→ **What needs to be done**:
Please print the entries below exactly, from the line with "Finally, begin ventilating" through the line with "Y'all, this is", including both of those lines and leaving out all others.

→ **Input data**:
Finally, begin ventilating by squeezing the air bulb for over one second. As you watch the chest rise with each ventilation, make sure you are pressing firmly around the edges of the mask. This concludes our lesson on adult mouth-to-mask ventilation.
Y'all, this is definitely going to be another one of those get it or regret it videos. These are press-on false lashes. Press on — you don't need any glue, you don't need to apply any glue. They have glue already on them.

* * *

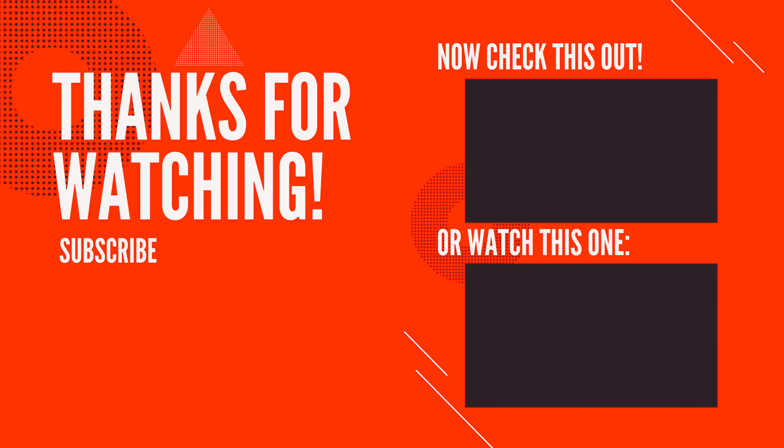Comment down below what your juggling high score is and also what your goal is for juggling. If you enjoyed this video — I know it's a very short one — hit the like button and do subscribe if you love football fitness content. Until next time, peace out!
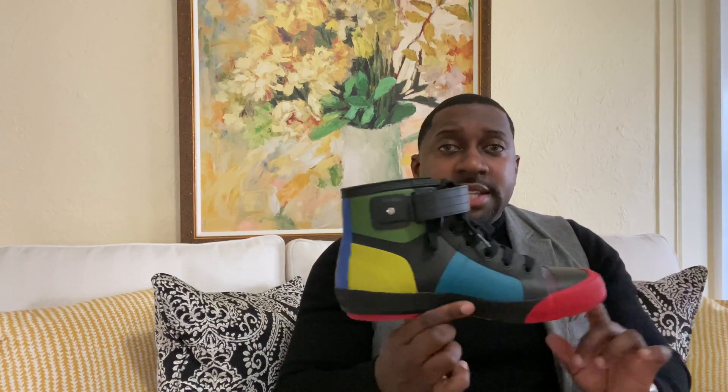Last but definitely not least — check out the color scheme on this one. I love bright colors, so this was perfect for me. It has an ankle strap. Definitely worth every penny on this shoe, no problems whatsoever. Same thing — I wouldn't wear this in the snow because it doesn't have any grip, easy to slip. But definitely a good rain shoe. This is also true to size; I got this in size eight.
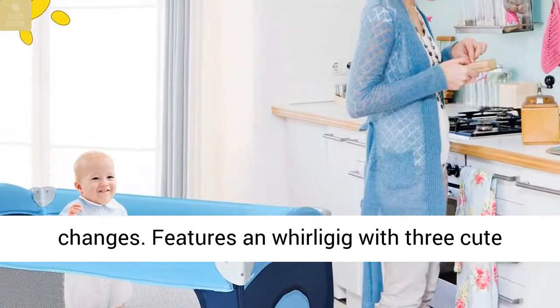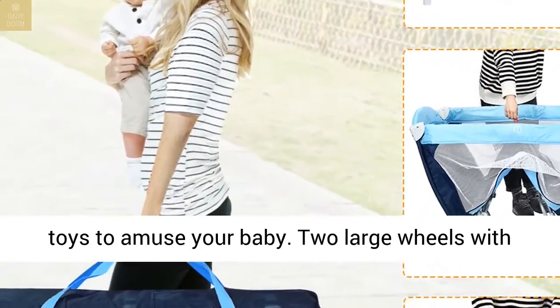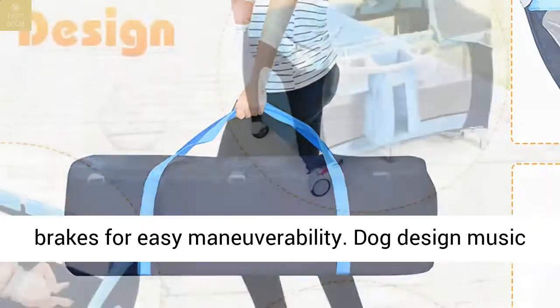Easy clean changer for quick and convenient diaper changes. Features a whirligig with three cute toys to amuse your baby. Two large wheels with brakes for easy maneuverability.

→ **Solution**:
Finally, begin ventilating by squeezing the air bulb for over one second. As you watch the chest rise with each ventilation, make sure you are pressing firmly around the edges of the mask. This concludes our lesson on adult mouth-to-mask ventilation.
Y'all, this is definitely going to be another one of those get it or regret it videos. These are press-on false lashes. Press on — you don't need any glue, you don't need to apply any glue. They have glue already on them.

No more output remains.